• [WHAT YOU SHOULD DO]: In the answer, each line must appear exactly as in the records, and no picture may appear.

• [DATA SHOWN]:
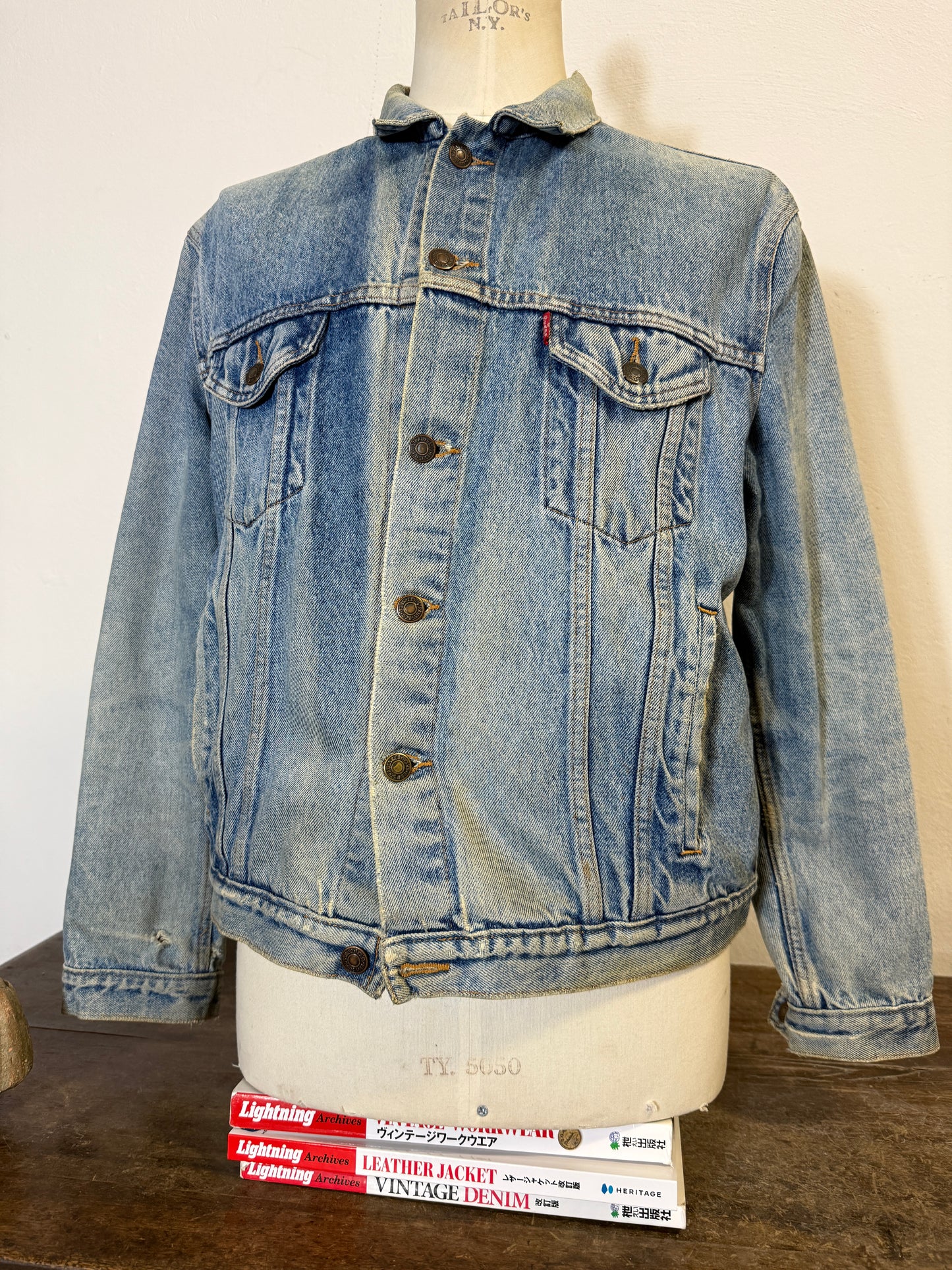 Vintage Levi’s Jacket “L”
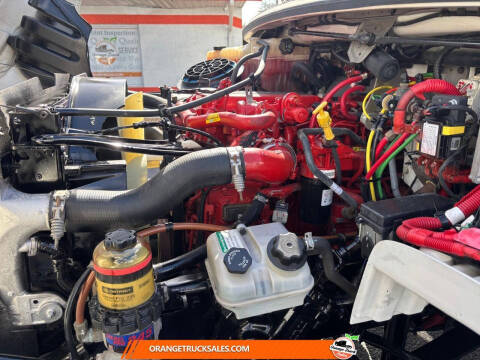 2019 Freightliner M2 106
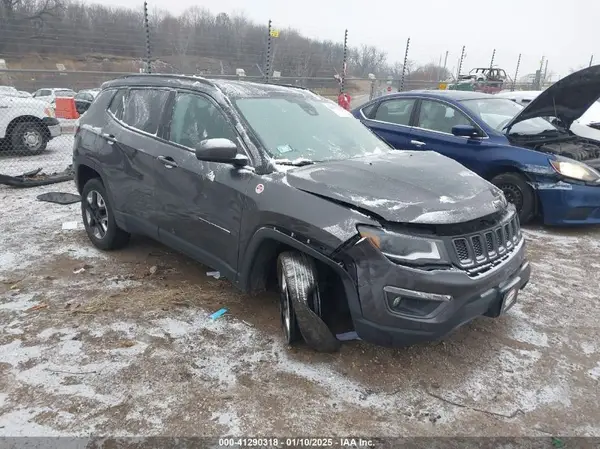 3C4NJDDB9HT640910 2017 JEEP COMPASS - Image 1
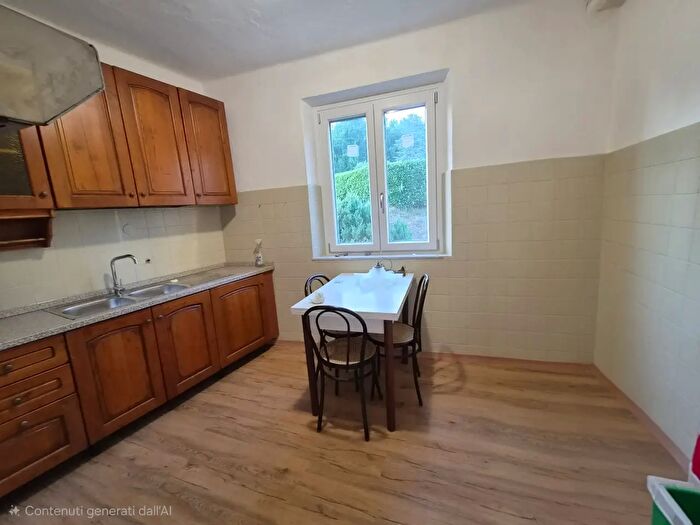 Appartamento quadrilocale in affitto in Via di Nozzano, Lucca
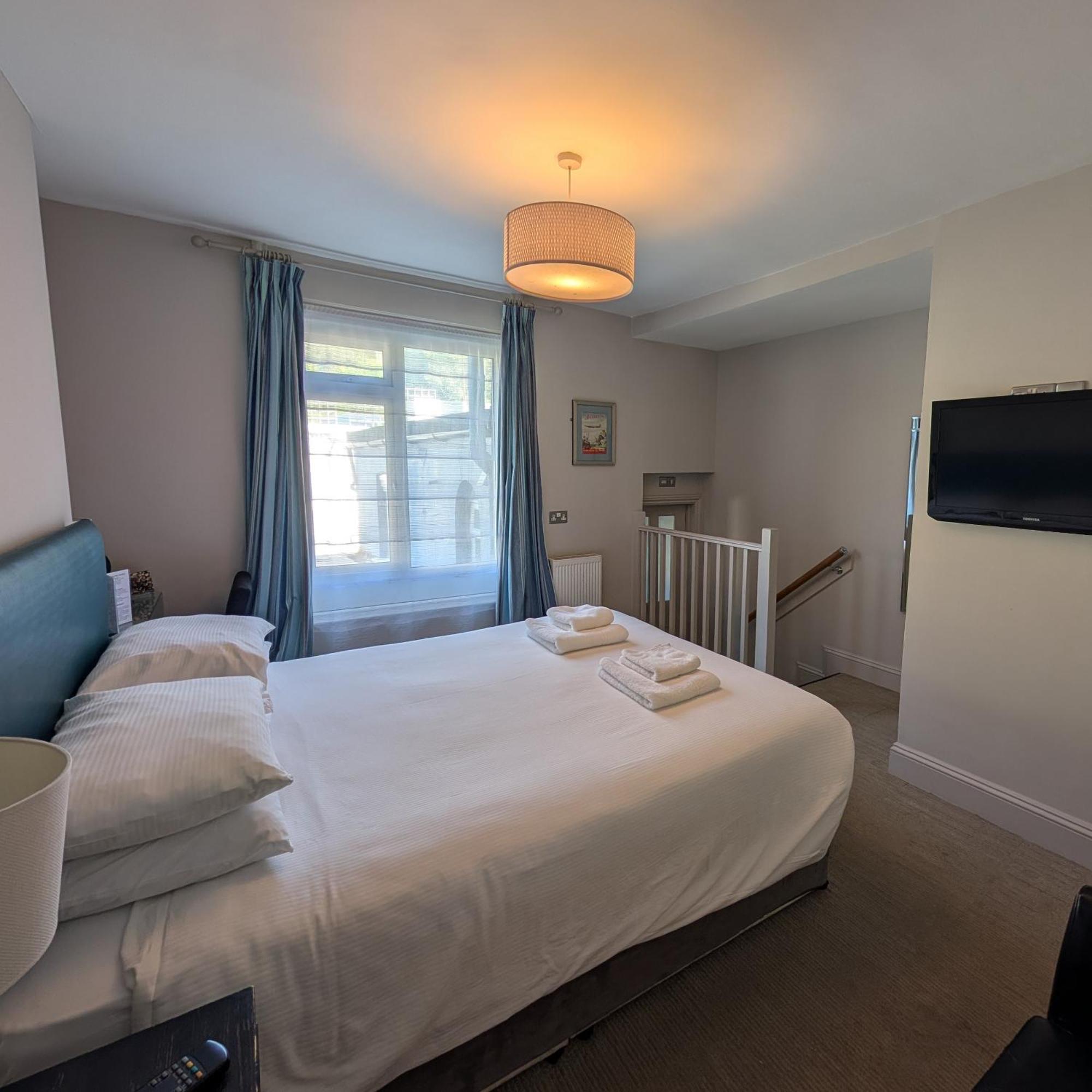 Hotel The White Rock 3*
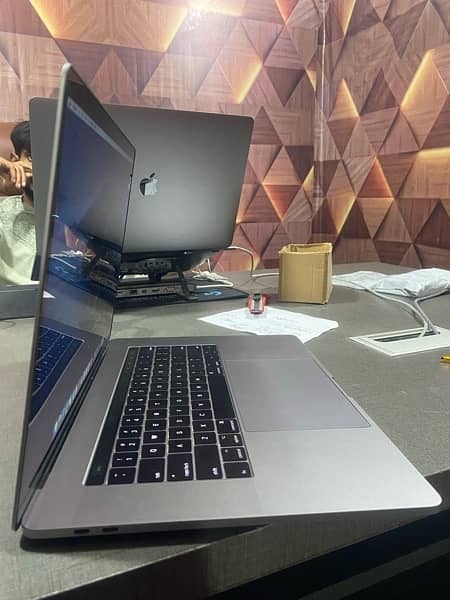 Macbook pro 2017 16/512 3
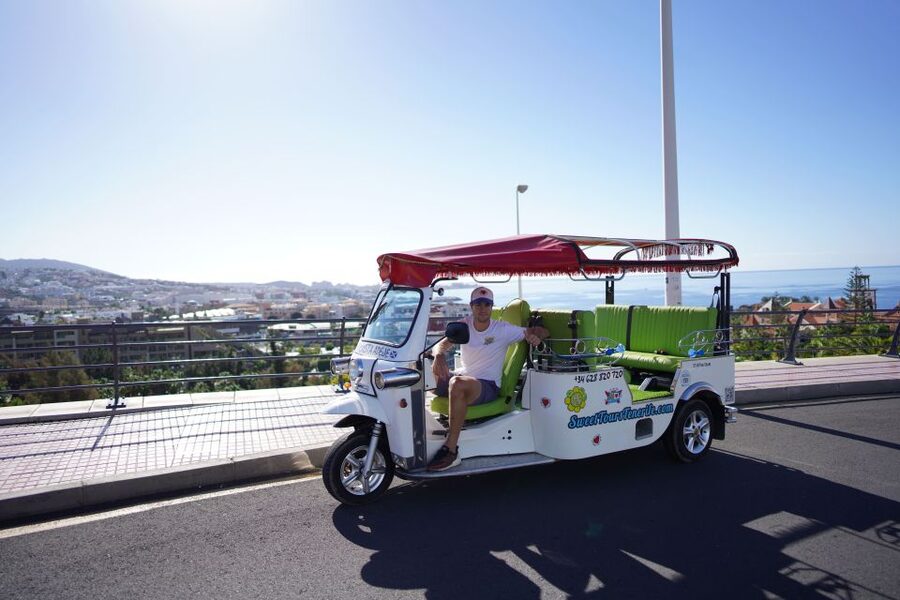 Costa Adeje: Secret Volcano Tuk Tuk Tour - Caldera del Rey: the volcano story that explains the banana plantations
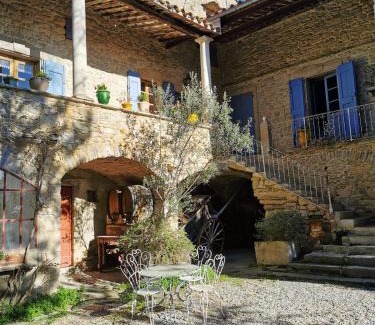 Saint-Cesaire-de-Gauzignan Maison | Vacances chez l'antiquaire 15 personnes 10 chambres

• [SOLUTION TO THIS TASK]:
 Vintage Levi’s Jacket “L”
 2019 Freightliner M2 106
 3C4NJDDB9HT640910 2017 JEEP COMPASS - Image 1
 Appartamento quadrilocale in affitto in Via di Nozzano, Lucca
 Hotel The White Rock 3*
 Macbook pro 2017 16/512 3
 Costa Adeje: Secret Volcano Tuk Tuk Tour - Caldera del Rey: the volcano story that explains the banana plantations
 Saint-Cesaire-de-Gauzignan Maison | Vacances chez l'antiquaire 15 personnes 10 chambres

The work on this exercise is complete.